E ora l’alert inflazione arriva anche in Italia, in un contesto in cui la disoccupazione, che rimarrà elevata anche nel 2017, segnerà un calo, ma solo graduale. L’esercito dei disoccupati rimarrà insomma corposo anche quest’anno, in un mercato del lavoro caratterizzato ancora troppo dal congelamento dei salari. L’economia continuerà a marciare, ma il ritmo di crescita dipenderà dal funzionamento del credito e dalla capacità, da parte del governo, di portare avanti le riforme. L’assist dei consumi, inoltre, sarà inferiore. Queste le stime del bollettino economico di Bankitalia, che prevede per il 2017 un rialzo del Pil a +0,9% e un’accelerazione ulteriore nel 2018 a +1,1%.
“Le proiezioni indicano che in media il Pil dovrebbe essere aumentato dello 0,9% nel 2016 (su dati corretti per il numero di giornate lavorative)”, crescere “intorno allo 0,9% anche nell’anno in corso e all’1,1% sia nel 2018 sia nel 2019″. Una spinta alla crescita arriverà dalla “domanda nazionale e, già dal 2017, dal graduale rafforzamento di quella estera”.
Tuttavia, è molto presto per cantare vittoria, visto che “il livello del Pil nel 2019 sarebbe ancora inferiore di circa quattro punti percentuali rispetto al 2007“. Inoltre l’Italia, come tutti i paesi uniti dall’abbraccio della globalizzazione, rimarrà ostaggio di diversi fattori esogeni, oltre che del credito:
“Il quadro economico presuppone il mantenimento di un livello contenuto dei rendimenti a lungo termine e condizioni del credito, in termini di costo e disponibilità, complessivamente distese. Questo riflette l’ipotesi che non si verifichino tensioni sui mercati finanziari e bancari nell’area euro e in Italia, nè episodi di significativo aumento dei premi per il rischio e della volatilità“.
Consumi, nota stonata, inflazione risale ma è frenata da salari fermi
In tutto questo, la nota stonata arriva dai consumi, la cui crescita rallenterà il passo. Via Nazionale stima che nei successivi tre anni:
“il rallentamento rispetto allo scorso biennio sarebbe attribuibile prevalentemente agli effetti dei recenti aumenti dei prezzi delle materie prime energetiche sulla capacità di spesa delle famiglie. Il tasso di risparmio salirebbe lievemente nel corso del triennio di previsione, mostrando il consueto andamento prociclico”.
Insomma, un contesto caratterizzato da rallentamento dei consumi e dal rialzo delle pressioni inflazionistiche, in cui – causa la piaga della disoccupazione – molti italiani di nuovo non riusciranno ad arrivare a fine mese.

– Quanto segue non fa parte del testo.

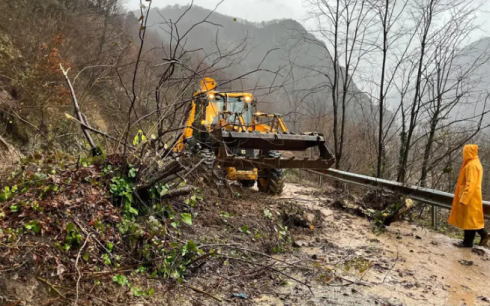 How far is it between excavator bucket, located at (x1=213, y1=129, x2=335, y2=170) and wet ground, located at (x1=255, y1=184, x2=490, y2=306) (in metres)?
1.45

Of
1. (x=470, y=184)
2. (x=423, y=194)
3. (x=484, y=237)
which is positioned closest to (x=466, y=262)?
(x=484, y=237)

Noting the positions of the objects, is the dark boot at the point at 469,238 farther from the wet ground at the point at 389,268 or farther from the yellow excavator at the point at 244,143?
the yellow excavator at the point at 244,143

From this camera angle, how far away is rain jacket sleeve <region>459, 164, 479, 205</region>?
16.4ft

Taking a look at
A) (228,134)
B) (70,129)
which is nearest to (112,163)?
(228,134)

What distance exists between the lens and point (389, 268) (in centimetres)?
404

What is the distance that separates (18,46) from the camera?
10.2m

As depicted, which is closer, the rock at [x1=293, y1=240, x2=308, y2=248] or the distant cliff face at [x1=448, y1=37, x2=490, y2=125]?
the rock at [x1=293, y1=240, x2=308, y2=248]

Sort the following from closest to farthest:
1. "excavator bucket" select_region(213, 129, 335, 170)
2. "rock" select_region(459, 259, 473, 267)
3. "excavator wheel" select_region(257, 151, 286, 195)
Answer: "rock" select_region(459, 259, 473, 267) < "excavator bucket" select_region(213, 129, 335, 170) < "excavator wheel" select_region(257, 151, 286, 195)

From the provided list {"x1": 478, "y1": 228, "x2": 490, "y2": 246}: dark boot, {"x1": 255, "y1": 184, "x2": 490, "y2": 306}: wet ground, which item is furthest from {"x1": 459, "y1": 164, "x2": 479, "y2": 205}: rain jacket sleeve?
{"x1": 255, "y1": 184, "x2": 490, "y2": 306}: wet ground

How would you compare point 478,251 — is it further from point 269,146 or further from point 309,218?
point 269,146

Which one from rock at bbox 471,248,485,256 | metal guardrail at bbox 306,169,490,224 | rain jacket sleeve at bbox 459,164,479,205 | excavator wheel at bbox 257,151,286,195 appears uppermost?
rain jacket sleeve at bbox 459,164,479,205

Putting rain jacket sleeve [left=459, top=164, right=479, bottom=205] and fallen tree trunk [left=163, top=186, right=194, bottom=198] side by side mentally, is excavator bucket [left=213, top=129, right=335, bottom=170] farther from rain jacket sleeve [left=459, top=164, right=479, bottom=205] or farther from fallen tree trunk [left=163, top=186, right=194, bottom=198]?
rain jacket sleeve [left=459, top=164, right=479, bottom=205]

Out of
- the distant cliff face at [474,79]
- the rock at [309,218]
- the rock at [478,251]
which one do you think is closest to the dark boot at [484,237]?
the rock at [478,251]

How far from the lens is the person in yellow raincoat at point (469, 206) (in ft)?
16.3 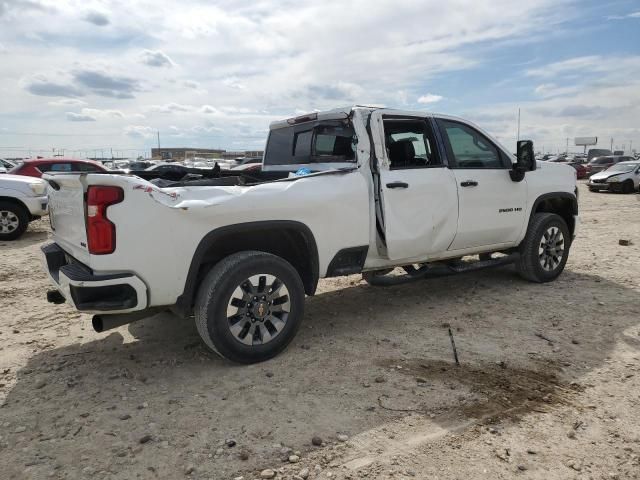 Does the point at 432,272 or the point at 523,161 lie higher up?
the point at 523,161

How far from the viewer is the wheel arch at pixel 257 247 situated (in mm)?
3525

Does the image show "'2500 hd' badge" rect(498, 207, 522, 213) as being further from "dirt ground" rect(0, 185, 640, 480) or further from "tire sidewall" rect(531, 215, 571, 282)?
"dirt ground" rect(0, 185, 640, 480)

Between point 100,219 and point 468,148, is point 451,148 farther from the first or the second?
point 100,219

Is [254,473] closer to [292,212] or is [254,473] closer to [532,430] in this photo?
[532,430]

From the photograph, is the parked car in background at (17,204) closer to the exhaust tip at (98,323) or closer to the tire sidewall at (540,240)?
the exhaust tip at (98,323)

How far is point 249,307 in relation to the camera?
12.1 feet

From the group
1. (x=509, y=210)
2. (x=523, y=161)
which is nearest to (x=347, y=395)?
(x=509, y=210)

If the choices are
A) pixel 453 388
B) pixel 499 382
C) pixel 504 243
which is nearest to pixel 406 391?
pixel 453 388

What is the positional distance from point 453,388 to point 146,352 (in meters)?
2.42

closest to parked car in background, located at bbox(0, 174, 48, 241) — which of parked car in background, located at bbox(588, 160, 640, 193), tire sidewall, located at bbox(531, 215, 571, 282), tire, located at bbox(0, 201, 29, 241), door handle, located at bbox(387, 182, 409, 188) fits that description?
tire, located at bbox(0, 201, 29, 241)

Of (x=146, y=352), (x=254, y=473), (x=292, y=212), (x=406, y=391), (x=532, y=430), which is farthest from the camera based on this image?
(x=146, y=352)

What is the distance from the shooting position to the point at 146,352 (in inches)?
163

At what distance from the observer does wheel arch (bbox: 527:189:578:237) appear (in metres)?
6.04

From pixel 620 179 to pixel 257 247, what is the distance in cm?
2094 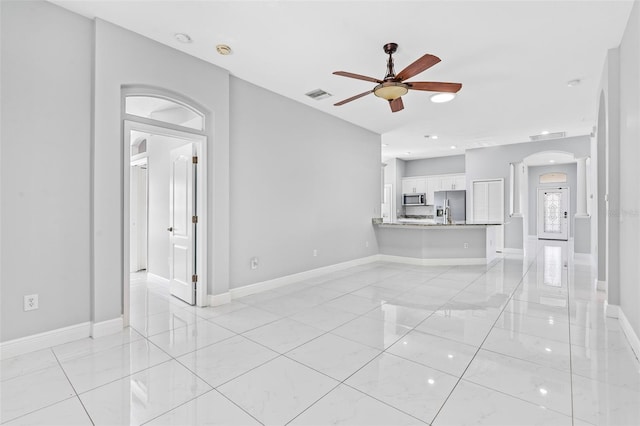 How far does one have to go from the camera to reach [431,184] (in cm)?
1051

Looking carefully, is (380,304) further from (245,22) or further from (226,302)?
(245,22)

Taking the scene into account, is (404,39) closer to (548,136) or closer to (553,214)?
(548,136)

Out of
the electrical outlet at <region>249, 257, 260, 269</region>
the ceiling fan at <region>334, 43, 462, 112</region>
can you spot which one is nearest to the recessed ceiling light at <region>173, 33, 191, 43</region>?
the ceiling fan at <region>334, 43, 462, 112</region>

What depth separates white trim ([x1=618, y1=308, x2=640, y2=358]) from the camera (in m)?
2.50

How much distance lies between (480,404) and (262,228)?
3.38 m

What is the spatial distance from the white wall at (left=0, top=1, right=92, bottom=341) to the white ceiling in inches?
16.0

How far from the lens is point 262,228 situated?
4547 millimetres

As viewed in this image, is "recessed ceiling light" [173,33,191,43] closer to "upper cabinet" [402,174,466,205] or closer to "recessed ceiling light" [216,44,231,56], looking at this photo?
"recessed ceiling light" [216,44,231,56]

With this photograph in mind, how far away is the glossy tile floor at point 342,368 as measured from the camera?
70.7 inches

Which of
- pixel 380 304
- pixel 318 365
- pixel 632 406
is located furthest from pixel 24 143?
pixel 632 406

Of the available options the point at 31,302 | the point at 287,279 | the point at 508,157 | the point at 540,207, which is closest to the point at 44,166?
the point at 31,302

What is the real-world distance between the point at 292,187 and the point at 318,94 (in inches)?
60.1

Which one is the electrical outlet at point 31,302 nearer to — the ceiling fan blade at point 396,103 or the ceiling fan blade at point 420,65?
the ceiling fan blade at point 420,65

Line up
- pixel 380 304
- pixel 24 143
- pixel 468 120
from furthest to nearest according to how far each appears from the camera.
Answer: pixel 468 120, pixel 380 304, pixel 24 143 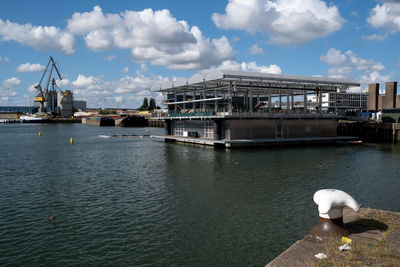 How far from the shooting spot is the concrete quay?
33.4ft

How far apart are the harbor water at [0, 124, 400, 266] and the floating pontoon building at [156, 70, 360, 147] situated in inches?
575

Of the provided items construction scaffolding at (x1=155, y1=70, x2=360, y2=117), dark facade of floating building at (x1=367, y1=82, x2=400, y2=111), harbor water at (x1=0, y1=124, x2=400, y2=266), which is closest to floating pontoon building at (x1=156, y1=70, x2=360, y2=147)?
construction scaffolding at (x1=155, y1=70, x2=360, y2=117)

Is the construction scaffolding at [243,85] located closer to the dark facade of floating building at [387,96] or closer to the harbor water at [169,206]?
the harbor water at [169,206]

Riguardo all’inflazione, questa salirà “all’1,3% quest’anno e il prossimo e all’1,5% nel 2019”, rispetto allo stato di deflazione del 2016, in cui la dinamica dei prezzi è stata negativa con -0,1%.
“Al significativo rialzo previsto per il 2017 concorrerebbero in primo luogo i più elevati prezzi dei beni energetici importati; al netto delle componenti più volatili l’indice aumenterebbe in maniera più graduale” nel 2017-2019.
Un ostacolo all’inflazione e alla sua crescita arriverà proprio dai salari, che sono rimasti fermi soprattutto per i lavoratori dipendenti:
“La moderazione delle dinamiche retributive previste sulla base dei recenti rinnovi contrattuali contribuirebbe a frenare la crescita dei prezzi“. Già nel corso del 2016 “si è notevolmente ridotta la dinamica delle retribuzioni del settore privato, risentendo sia dei ritardi nella stipula di molti rinnovi sia della mancata erogazione di incrementi salariali per il 2016″. Di fatto, “il sostanziale congelamento delle retribuzioni contrattuali ha interessato circa la metà dei lavoratori dipendenti”.
Piaga disoccupazione rimane. Svanito l’effetto della riforma Renzi
La disoccupazione scenderà “solo gradualmente, portandosi al di sotto dell’11% nel 2019 (dall’11,9% del 2015). A rallentarne il calo contribuirebbe l’aumento della partecipazione al mercato del lavoro, indotta dal miglioramento delle prospettive cicliche e da fattori strutturali, tra cui l’innalzamento dell’età di pensionamento“.
E viene confermato l’effetto positivo temporaneo della riforma del lavoro targata Renzi, causa il venir meno degli sgravi contributivi:
“L’occupazione continuerebbe a espandersi, pur se a ritmi temporaneamente inferiori rispetto all’ultimo anno, in seguito al venir meno degli sgravi contributivi a favore dei nuovi assunti a tempo indeterminato”.